If one drops a lump of ice into the saturated salt solution at this temperature the ice will disappear. One can explain this in a formal way by saying that water will evaporate from the ice and find itself at too high a vapour pressure to be in equilibrium with the nearby surface of the salt solution and will therefore recondense into the solution. This process will continue, if there is enough ice, until the salt solution has diluted itself until it is in equilibrium with about 96% RH, at which point the vapour pressure over the solution is the same as that over ice. In reality, the transfer of water from ice to solution occurs mostly at the interface between these two phases, rather than through the air, but the equilibrium is easiest explained by regarding the air above the mixture as a transit lounge for flying water molecules.
Depending on the temperature therefore, even a rather dilute salt solution will dissolve ice.
A saturated salt solution and pure ice have the same vapour pressure above them at about minus 21 degrees, so below that temperature it is unwise to cycle.
When waterlogged materials are put into a freezer the situation is different because there is now nearly pure water in the spaces within the material. This water will readily form ice as soon as the temperature drops below freezing. Within the paper fibres of a water saturated library book rescued from a flood for example, there is still bound water that does not freeze and it will exert a vapour pressure lower than that over supercooled water but greater than that over ice. At -5C, for example, the paper fibres will tend to dry to equilibrium at about 96% RH, with respect to supercooled water. The lost water will accumulate as ice crystals separate from the fibres. The paper is beginning to dry even though the RH in the freezer, as measured against ice, is 100%. As the temperature is further reduced, more water will come out of the fibres and condense onto the ice crystals that fill the larger spaces between the fibres. This ice will grow and expand, pushing apart the drying fibres.
This phenomenon is a particular problem in freeze drying wood. When the wood is cooled below freezing, ice forms in the cell lumen, the empty space within the cell. More water comes out from the cell wall, which therefore shrinks at the same time as the ice lens in the lumen is expanding. This is definitely an undesirable situation. The process can be stopped, in theory, by impregnating the cell wall with a substance that further reduces the vapour pressure over the cellulose-water complex so that it does not lose water. Salt should do this.
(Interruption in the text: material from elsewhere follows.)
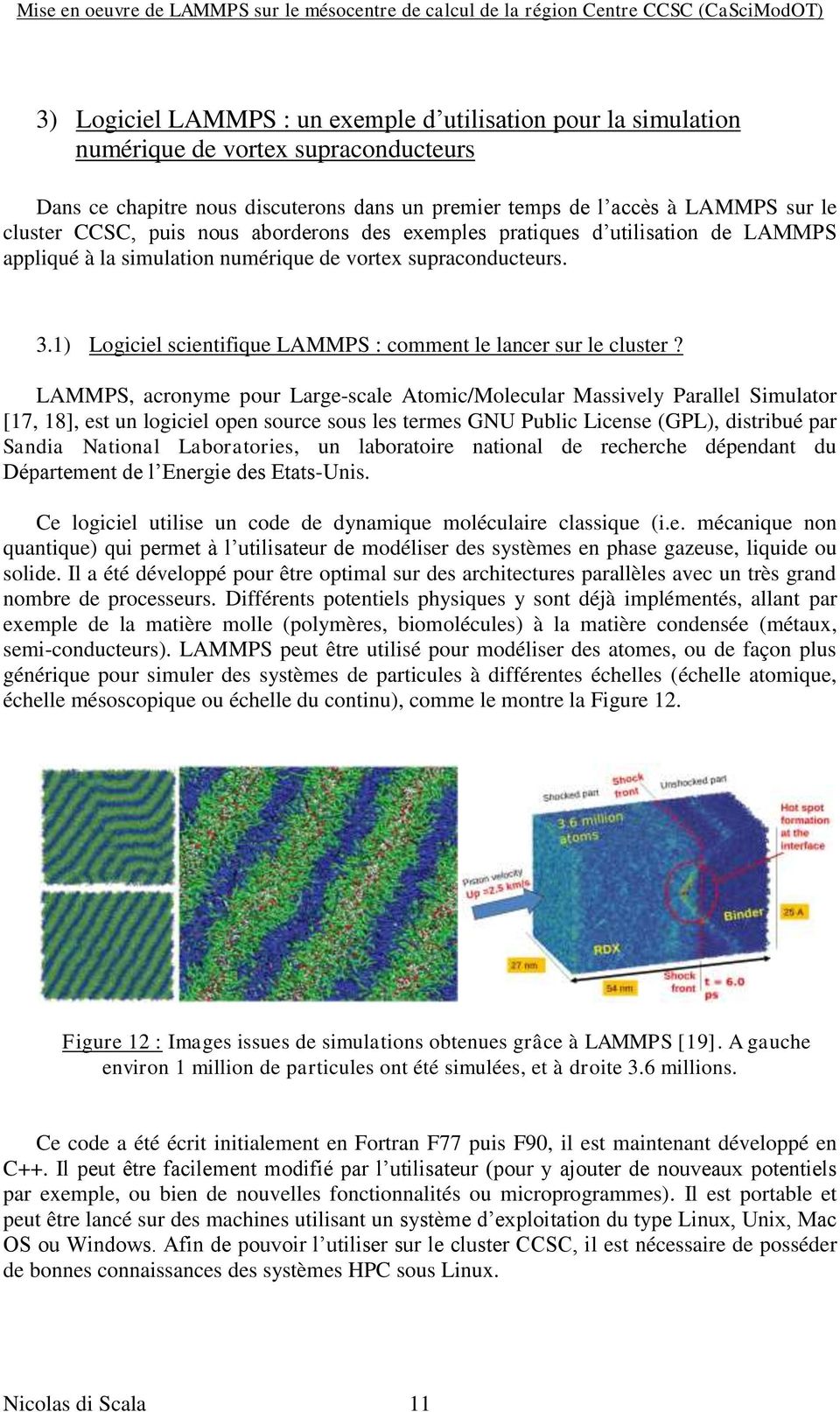 LAMMPS, acronyme pour Large-scale Atomic/Molecular Massively Parallel Simulator [17, 18], est un logiciel open source sous les termes GNU Public License (GPL), distribué par Sandia National
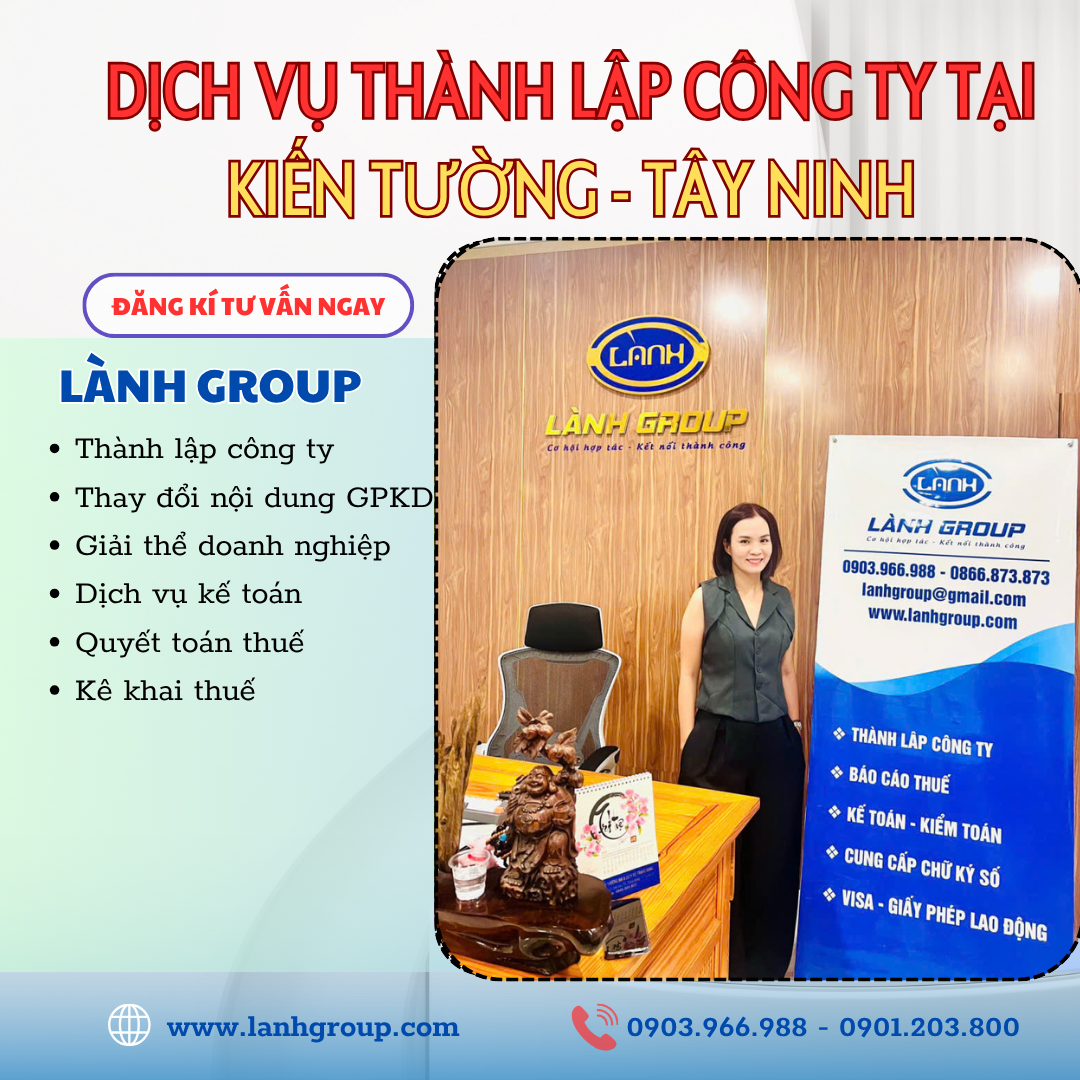 Dịch Vụ Thành Lập Công Ty Tại Phường Kiến Tường, Tây Ninh | Lành Group Uy Tín & Trọn Gói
Suppose that the wood is first impregnated with a weak salt solution, so that ice begins to form in the lumen at about -5°C. Freezing out of pure water will cause the salt solution to concentrate so that the ions diffuse into the still unfrozen region within the cell wall. This will further reduce the vapour pressure in equilibrium with the cell wall so that it is always equal to that of ice. There is now no loss of water from the cell wall until the ice has been vapourised away in the freeze drying process. Dehydration of the cell wall is prevented, as long as the temperature is above about -22C. There are several other materials that perform the same function and are preferred for other reasons. Polyethylene glycol and sugar are two water soluble materials that have been used to prevent the untimely dehydration of wood before the ice has been removed from the lumen.
The physics of water in materials below freezing is not easy to understand. I thank many colleagues for helpful discussions and particularly Poul Jensen, Chief of the section for conservation of waterlogged wood in the National Museum, who suggested the topic.